“I freaked out like everyone else”: Glenn Frey names the ‘Great American Supergroup’
Towards the end of the 1960s, the California rock scene had started to turn a corner. It wasn’t that far removed from the Woodstock generation at this point, but acts like The Byrds were quickly moving away from the psychedelic movement and getting back in touch with what made rock and roll and country work so well together. Glenn Frey was more than willing to fly the flag for American music with the Eagles, but he knew that Crosby, Stills, Nash and Young were untouchable compared to their peers.

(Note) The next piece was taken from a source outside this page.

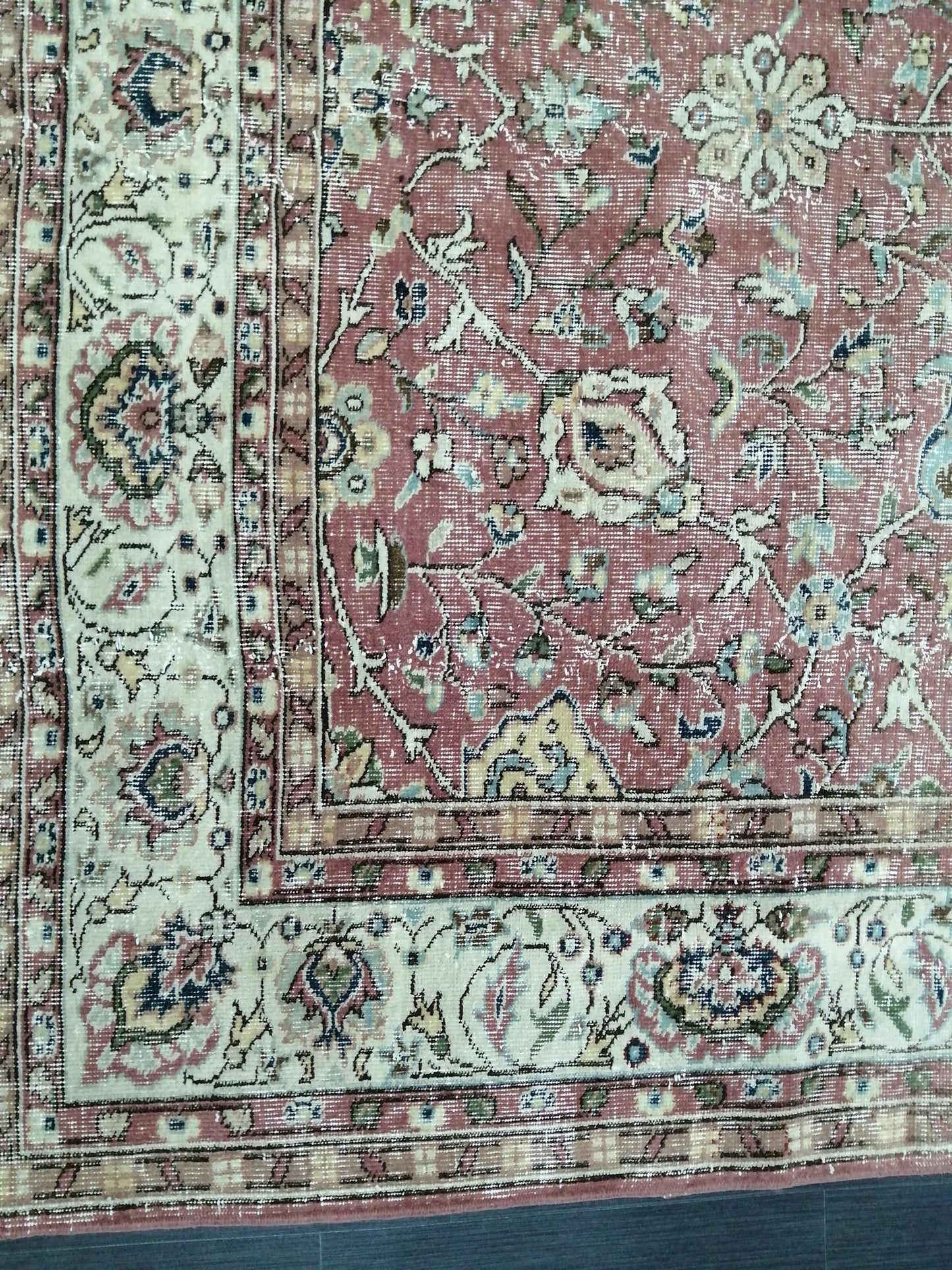 Hand Made Rug, 6.8 x 9 Oushak Rug, Rustic Rug, Turkish Rug, Farmhouse Rug, Vintage Rug, Wool rug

This is strange to say about a group where half of them didn’t even come from the US. Sure, Graham Nash cut his teeth in The Hollies overseas, and Neil Young repped for Canada, but what they created on their first handful of releases is some of the purest Americana music ever created.
Rather than relying on the heavy guitars or one great riff, albums like Deja Vu feel like they could been recorded over a weekend at a ranch in the middle of nowhere, with every band member dialling things back to a more rustic approach to music. Sure, there were still pop songs like ‘Teach Your Children’ and ‘Our House’, but the name of the game was about pairing things down to the essence of a song rather than any bells and whistles.
If there’s anything that Frey probably saw in them, though, it was the harmonies. No matter what song they were playing, hearing all three (or four) of their voices coming together practically served as the unofficial choir of California before Frey hooked up with Don Henley after bailing on Linda Ronstadt’s backing band.
Even at the time when Frey was singing songs like ‘Take It Easy’ and ‘Tequila Sunrise’, he still thought that Crosby, Stills, Nash and Young were the benchmark that everyone should look up to, eventually telling Cameron Crowe, “Hey, man. I bought that first album and freaked out right along with everyone else. Crosby, Stills, Nash and Young are, in essence, The Great American Supergroup.”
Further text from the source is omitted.